Das war gestern nicht so. Ich weiß nicht warum, aber die Transportmittel waren gestern gesteckt voll. Und zwar so voll, daß ich von Menschen berührt wurde. Und obwohl ich den iPod mit voller Lautstärke laufen hatte und mir das Buch ziemlich nahe vor die Augen hielt, konnte ich mich nicht konzentrieren. Ich hatte so ein Gefühl, als würde jeden Moment irgendetwas passieren. Nicht etwa, daß die Straßenbahn in einem gigantischen Feuerball explodieren würde oder endlich die Sintflut kommen und die U-Bahntunnels fluten könnte. Nein, nein. Es war mein Instinkt, der die Musik in meinen Ohren und das Buch vor meinen Augen verschwinden ließ. Ich war auf der Hut. War auf jede nur mögliche Anomalie in dieser schleimigzähen Menschenmasse gefaßt. Auf plötzliche Messerattacken, Mütter, die ihr Baby beschützen wollen und die Pumpgun aus den Kinderwagen ziehen, Obdachlose, die mir in den Kragen kotzen, Regierungsbeamte, die mich exekutieren müssen, Schwarzkappler, die eine Fahrkarte wollen, Taschendiebe und so weiter. Alle meine Sinne standen Wache.
Doch die Fahrt vom Rattenloch zu mir nach Hause dauert fast eine Stunde. Und eine Stunde immer am Sprung sein, ständig bereit zu töten, das kostet Kraft. Deshalb habe ich dem Mechaniker gesagt, er soll mein Auto reparieren. Es war gar nicht schwer, etwas zu finden, das ich ihm an Stelle von Geld geben kann. Nächste Woche kann ich wieder mit dem Auto fahren. Sollte es mir dann nicht bald besser gehen, liegt der Zustand an etwas anderem. Die Kontemplation jedenfalls geht weiter.

Ich aas in der hoffnungslos überfüllten Cantina des Rattenlochs:
1 Mohnding mit Käse und Senf
1 Salzgurkerl
1 Nestea

Lord Entwader!

Ich irre jetzt, da ich kein Auto mehr mein Eigen nenne, zu Fuß in der Gegend herum. Mir sind dabei schon ein paar merkwürdige Dinge aufgefallen:

  1. ich kann meine Schuhbänder nicht richtig binden. Sie gehen alle paar hundert Meter auf. Ich weiß nicht mehr, was ich machen soll.
  2. die Menschen werden von Jahr zu Jahr häßlicher
  3. Wien stinkt
  4. die Wiener Linien sind auf der dunklen Seite der Macht. Sie versuchen das auch gar nicht zu verbergen. Sieh nur! So sehen ihre Entwerter aus:

Eindeutig! Ein Entwerter mit Lord Vaders Helm! Lord Entwader!

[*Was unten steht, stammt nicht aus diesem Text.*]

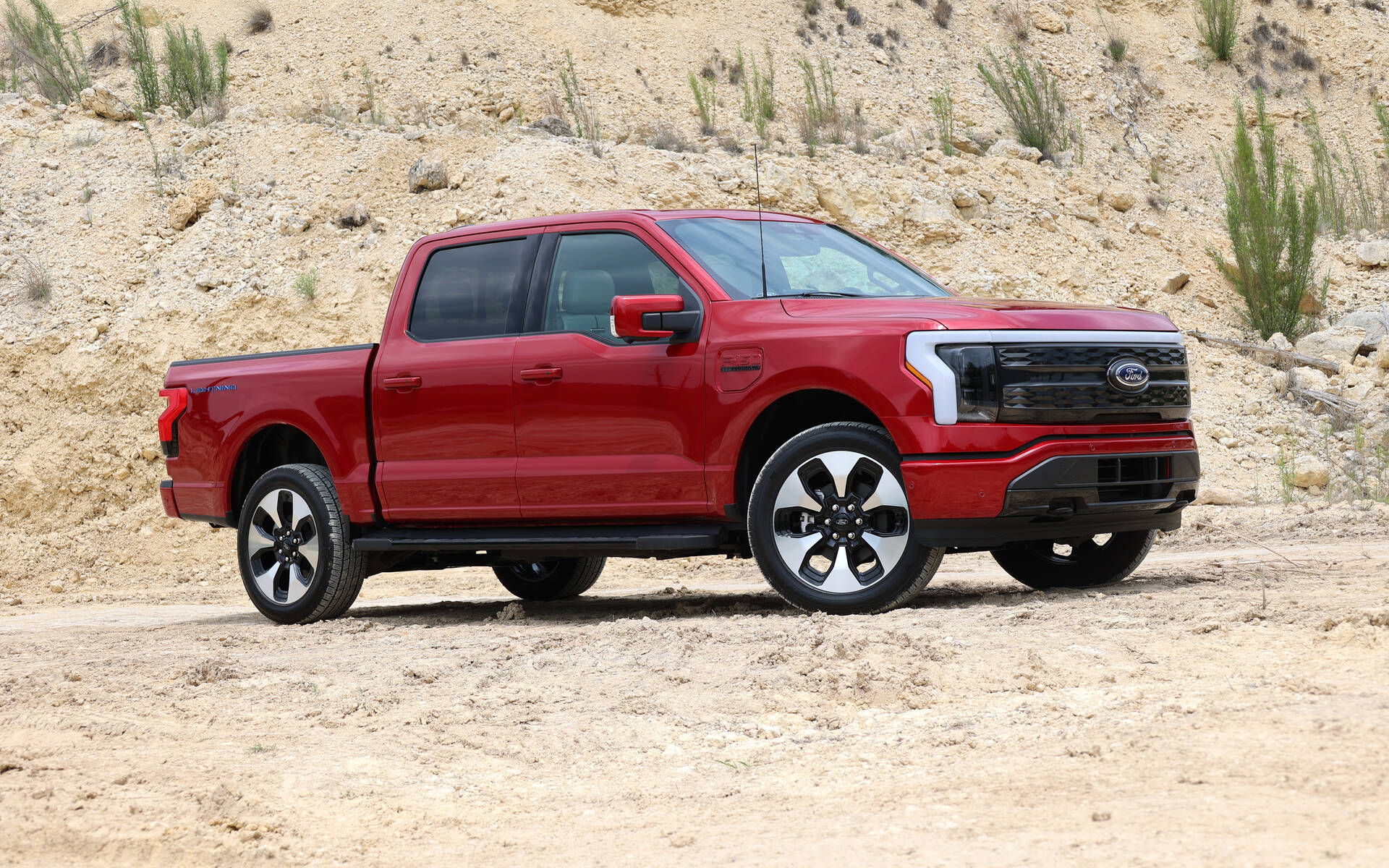 2022 Ford F 150 Lightning: Already A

Ob ich das, was du am Foto siehst, essen werde, weiß ich noch nicht. Es liegt zwar schon vor mir, aber mir ist eigentlich mehr nach Wein, Wein, nur du allein:
1 Brot
1 Aufstrich
1 Käse
1 Apferl KRONPRINZ RUDOLF

Nachtrag 15:24:

Der allseits verehrte Johannes „Meister Gimp“ Nedso.org, Gimpkünstler und Schaf in einer Person, hat mir eine Grafik angefertigt, die meine Horrorvisionen in der Straßenbahn genau verbildlicht!

Danke, Johannes. Heute Nacht werde ich lieber nicht schlafen.